• [EXERCISE AIM]:
Below are records; the lines starting at the one with "Seau Sangle leather handbag" and ending at the one with "Car Carbon Fiber" must be reproduced exactly, both included. Pictures must not appear.

• [RECORDS TO USE]:
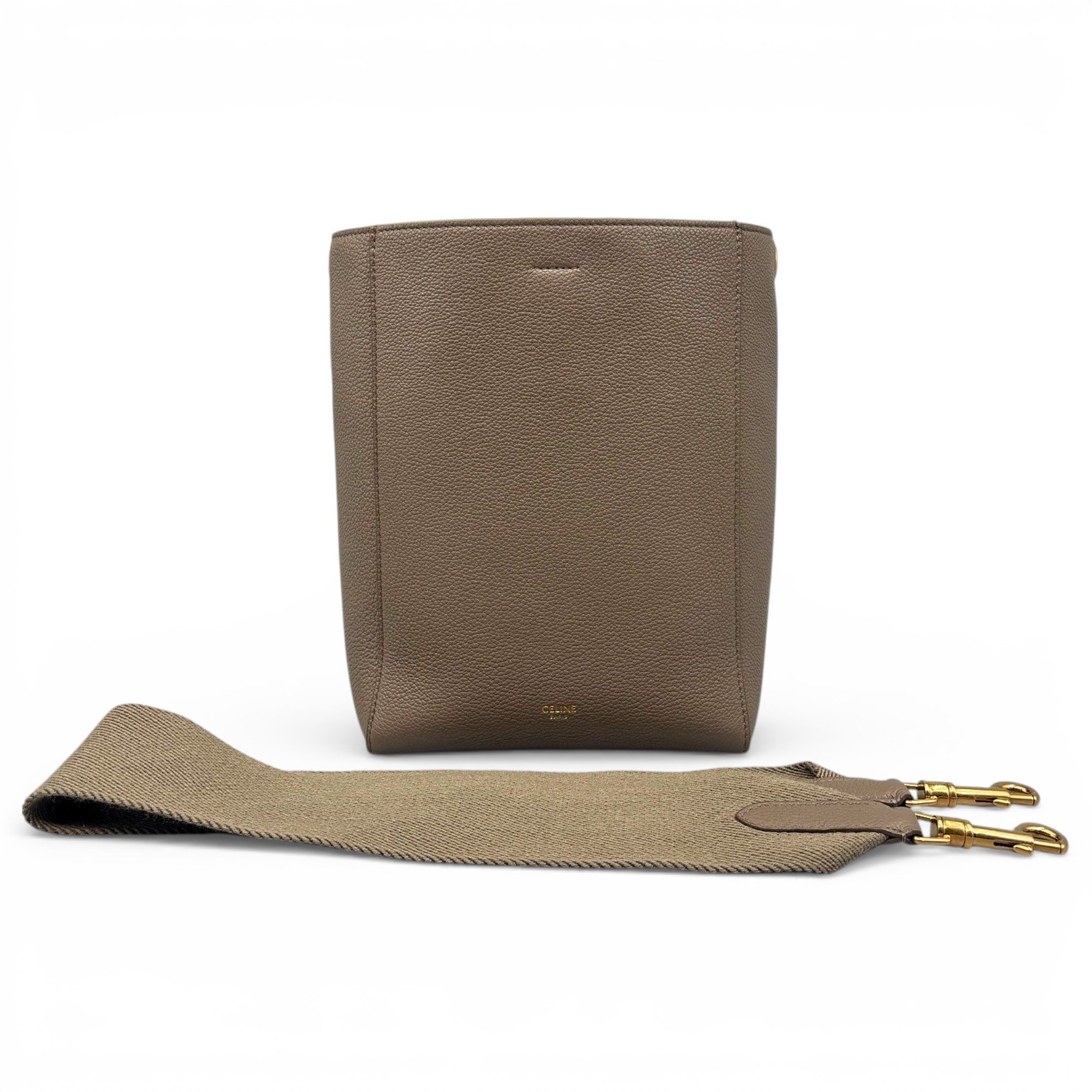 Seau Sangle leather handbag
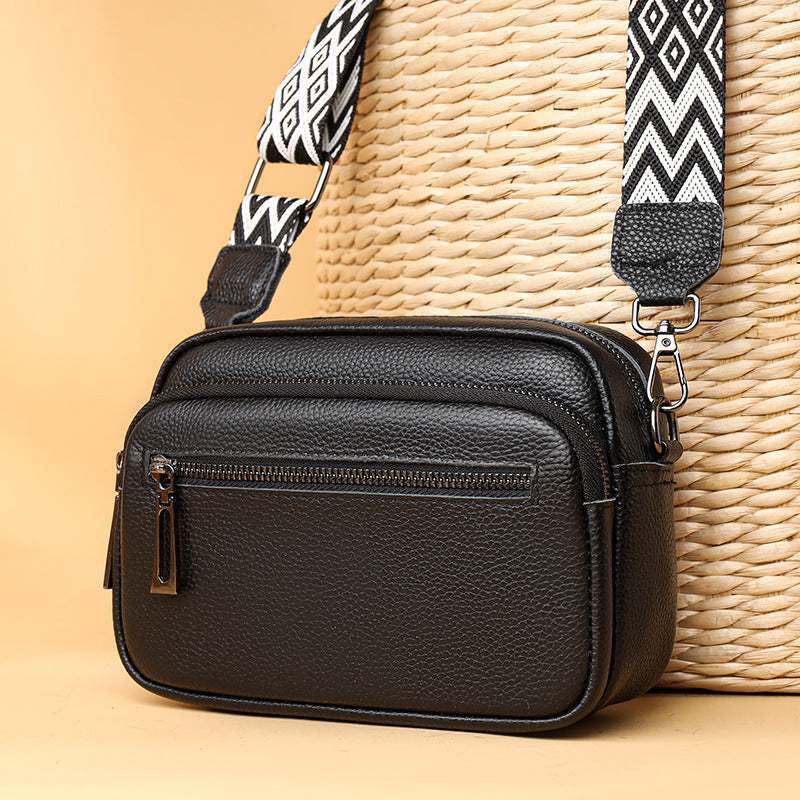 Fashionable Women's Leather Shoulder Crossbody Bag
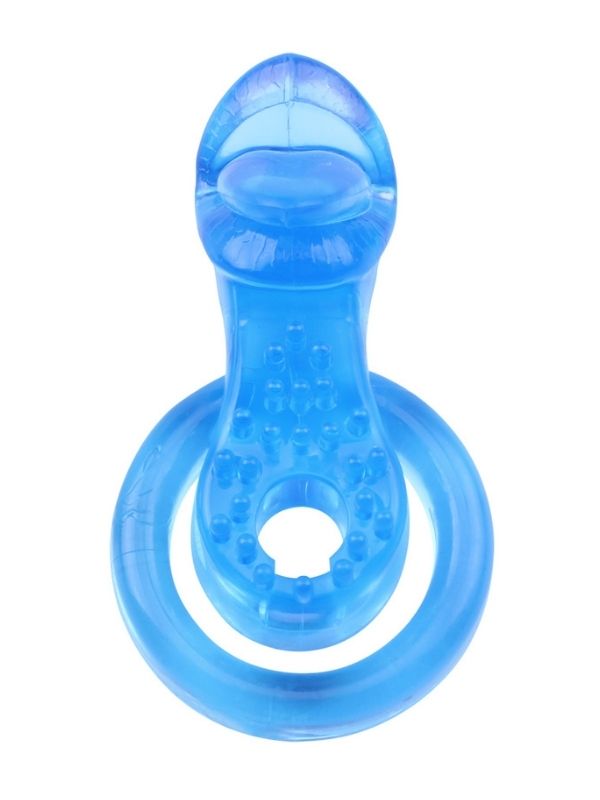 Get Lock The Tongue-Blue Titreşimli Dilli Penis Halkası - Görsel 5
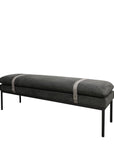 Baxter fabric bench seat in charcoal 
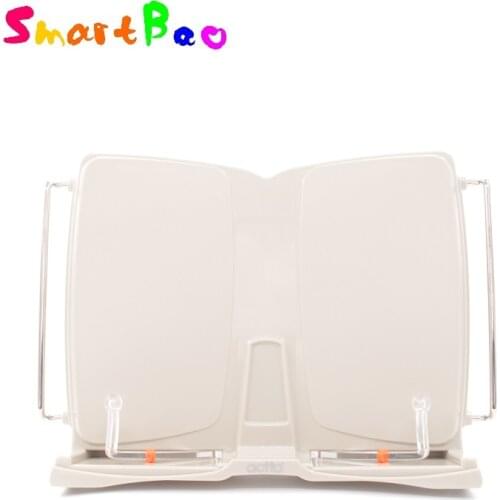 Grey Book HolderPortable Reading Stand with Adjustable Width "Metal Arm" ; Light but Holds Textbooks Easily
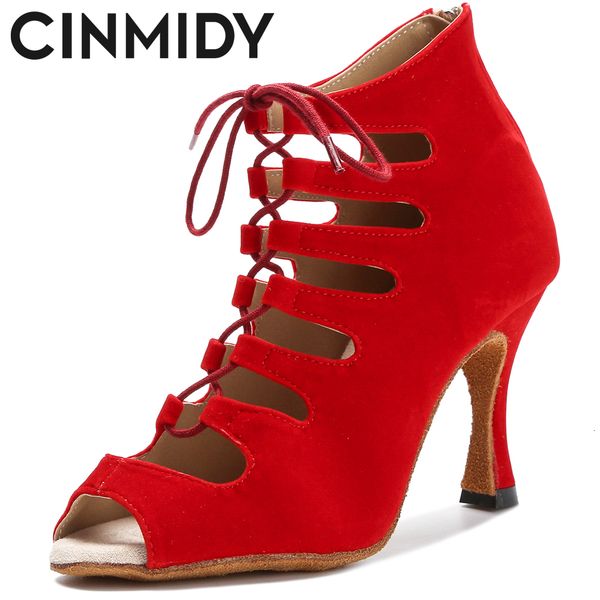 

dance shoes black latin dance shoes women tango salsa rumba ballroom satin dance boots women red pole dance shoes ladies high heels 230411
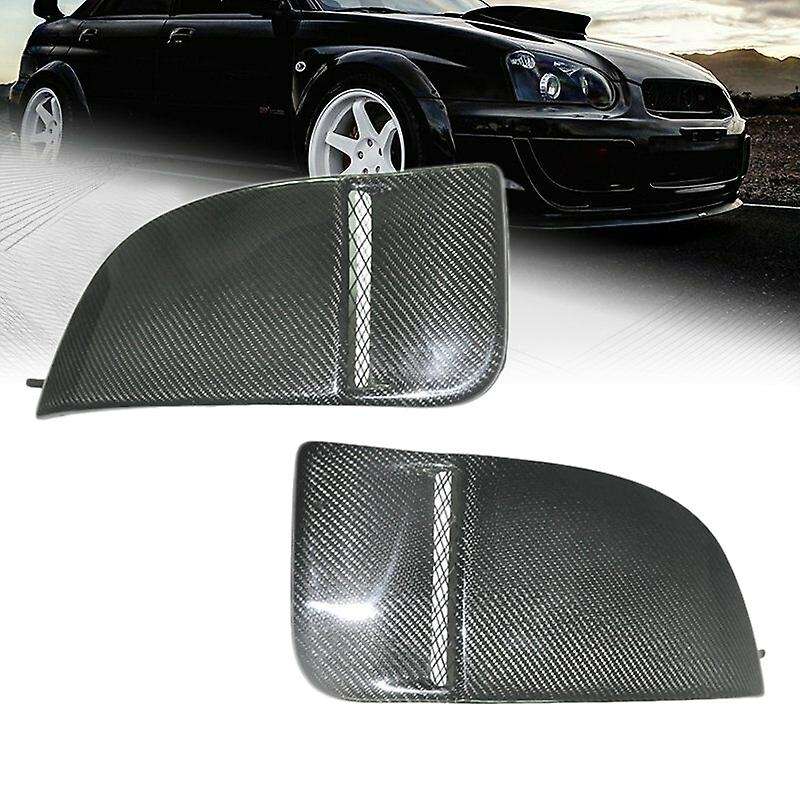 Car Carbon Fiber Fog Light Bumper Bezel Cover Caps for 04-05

--

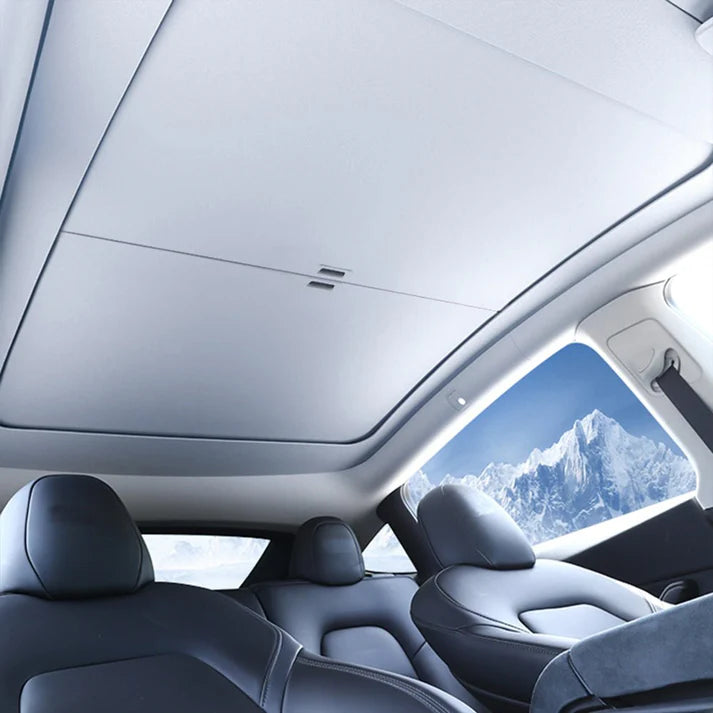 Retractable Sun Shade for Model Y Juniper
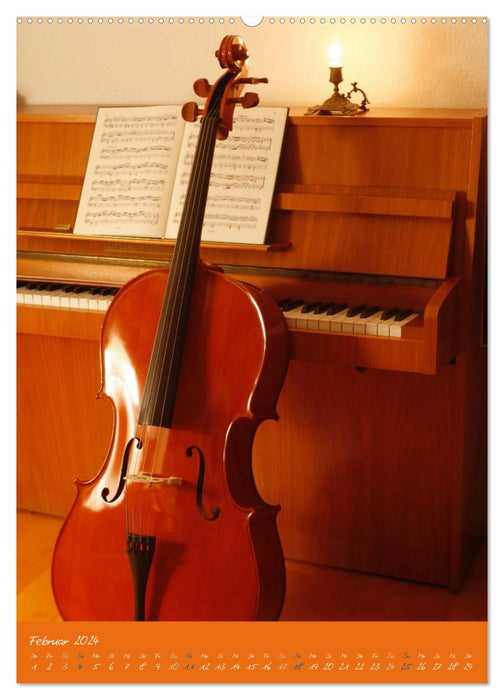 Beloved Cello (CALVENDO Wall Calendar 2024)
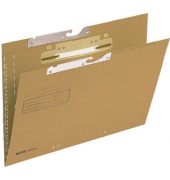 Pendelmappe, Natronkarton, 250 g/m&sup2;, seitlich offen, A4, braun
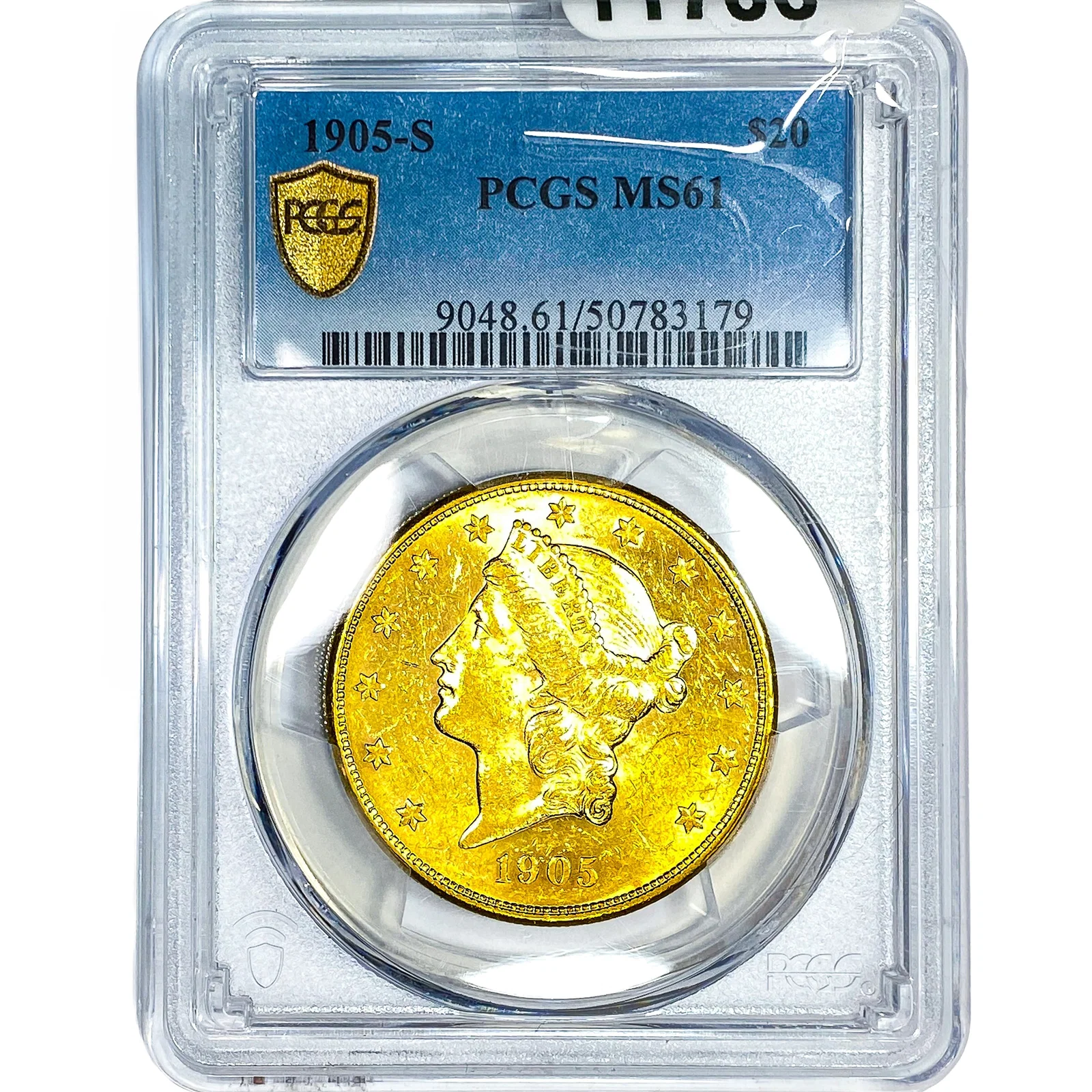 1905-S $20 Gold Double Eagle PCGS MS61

...

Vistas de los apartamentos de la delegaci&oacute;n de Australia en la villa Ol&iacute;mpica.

• [RESULT]:
 Seau Sangle leather handbag
 Fashionable Women's Leather Shoulder Crossbody Bag
 Get Lock The Tongue-Blue Titreşimli Dilli Penis Halkası - Görsel 5
 Baxter fabric bench seat in charcoal 
 Grey Book HolderPortable Reading Stand with Adjustable Width "Metal Arm" ; Light but Holds Textbooks Easily

dance shoes black latin dance shoes women tango salsa rumba ballroom satin dance boots women red pole dance shoes ladies high heels 230411
 Car Carbon Fiber Fog Light Bumper Bezel Cover Caps for 04-05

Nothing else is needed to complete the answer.